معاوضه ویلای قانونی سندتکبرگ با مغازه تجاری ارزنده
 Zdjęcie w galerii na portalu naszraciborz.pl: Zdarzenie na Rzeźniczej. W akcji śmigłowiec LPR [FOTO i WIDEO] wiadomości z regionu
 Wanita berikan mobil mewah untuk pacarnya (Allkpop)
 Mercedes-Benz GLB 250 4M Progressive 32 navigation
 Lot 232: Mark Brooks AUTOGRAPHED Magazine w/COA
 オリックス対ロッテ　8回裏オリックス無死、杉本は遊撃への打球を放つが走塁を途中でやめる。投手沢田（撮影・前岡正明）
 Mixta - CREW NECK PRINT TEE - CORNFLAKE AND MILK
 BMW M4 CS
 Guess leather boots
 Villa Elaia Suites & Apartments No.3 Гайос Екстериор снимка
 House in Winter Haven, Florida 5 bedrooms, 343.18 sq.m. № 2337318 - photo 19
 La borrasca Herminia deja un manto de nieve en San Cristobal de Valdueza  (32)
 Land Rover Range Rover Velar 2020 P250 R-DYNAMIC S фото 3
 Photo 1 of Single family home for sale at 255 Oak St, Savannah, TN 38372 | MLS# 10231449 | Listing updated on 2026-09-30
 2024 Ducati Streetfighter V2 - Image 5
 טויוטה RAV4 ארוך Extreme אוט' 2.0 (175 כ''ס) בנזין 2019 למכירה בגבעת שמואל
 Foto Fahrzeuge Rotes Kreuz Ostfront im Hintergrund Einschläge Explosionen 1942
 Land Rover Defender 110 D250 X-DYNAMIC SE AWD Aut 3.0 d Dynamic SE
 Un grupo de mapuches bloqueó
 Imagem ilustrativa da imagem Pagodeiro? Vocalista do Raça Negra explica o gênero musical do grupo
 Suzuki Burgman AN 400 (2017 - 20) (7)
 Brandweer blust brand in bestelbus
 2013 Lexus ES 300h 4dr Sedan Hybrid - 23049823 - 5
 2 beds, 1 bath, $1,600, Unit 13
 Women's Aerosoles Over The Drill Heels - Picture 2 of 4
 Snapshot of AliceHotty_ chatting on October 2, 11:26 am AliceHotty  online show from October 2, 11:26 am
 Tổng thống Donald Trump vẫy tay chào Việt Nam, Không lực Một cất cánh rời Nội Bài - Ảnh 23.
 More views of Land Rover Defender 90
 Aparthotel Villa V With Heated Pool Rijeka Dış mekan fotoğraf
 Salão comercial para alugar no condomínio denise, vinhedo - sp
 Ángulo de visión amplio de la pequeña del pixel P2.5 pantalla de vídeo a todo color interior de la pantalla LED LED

■ **What you should do**:
Give back, unchanged, the run of lines in the listing above that begins at the line containing "Mixta - CREW" and ends at the line containing "טויוטה RAV4 ארוך", both included.

■ **Your response**:
 Mixta - CREW NECK PRINT TEE - CORNFLAKE AND MILK
 BMW M4 CS
 Guess leather boots
 Villa Elaia Suites & Apartments No.3 Гайос Екстериор снимка
 House in Winter Haven, Florida 5 bedrooms, 343.18 sq.m. № 2337318 - photo 19
 La borrasca Herminia deja un manto de nieve en San Cristobal de Valdueza  (32)
 Land Rover Range Rover Velar 2020 P250 R-DYNAMIC S фото 3
 Photo 1 of Single family home for sale at 255 Oak St, Savannah, TN 38372 | MLS# 10231449 | Listing updated on 2026-09-30
 2024 Ducati Streetfighter V2 - Image 5
 טויוטה RAV4 ארוך Extreme אוט' 2.0 (175 כ''ס) בנזין 2019 למכירה בגבעת שמואל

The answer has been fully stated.